What you are asked to do
The material below should be copied line for line, please, with pictures omitted.

Recorded data
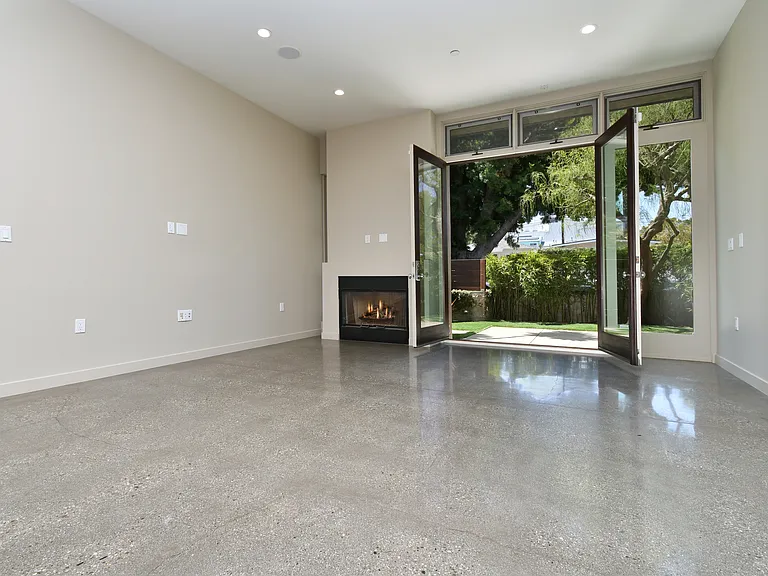 744 Marine St — Photo 16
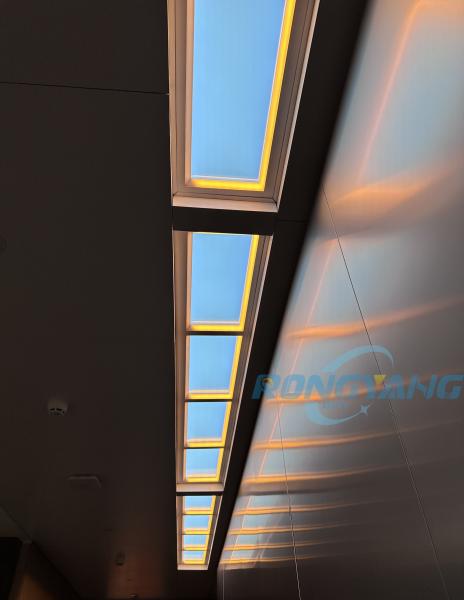 Panneau LED Slim Sky Light Smart Control Effect bleu doux du ciel LED Panneau phare pour plafond hauteur de réserve 70 mm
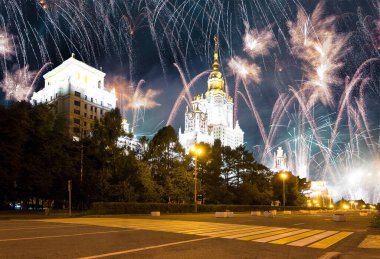 Moskova Üniversitesi (ana bina) ve havai fişekler Zafer Bayramı 'nın (Wwii) şerefine, Rusya  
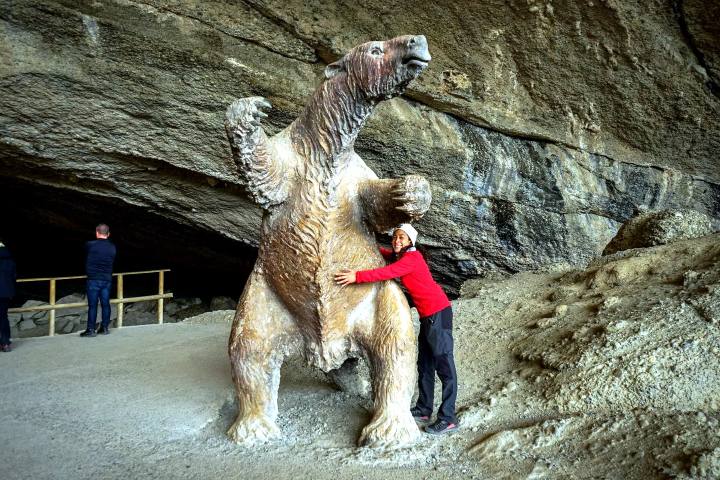 4. Viajera con escultura de Milodón. Foto - Patagonia Planet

Exercise output
 744 Marine St — Photo 16
 Panneau LED Slim Sky Light Smart Control Effect bleu doux du ciel LED Panneau phare pour plafond hauteur de réserve 70 mm
 Moskova Üniversitesi (ana bina) ve havai fişekler Zafer Bayramı 'nın (Wwii) şerefine, Rusya  
 4. Viajera con escultura de Milodón. Foto - Patagonia Planet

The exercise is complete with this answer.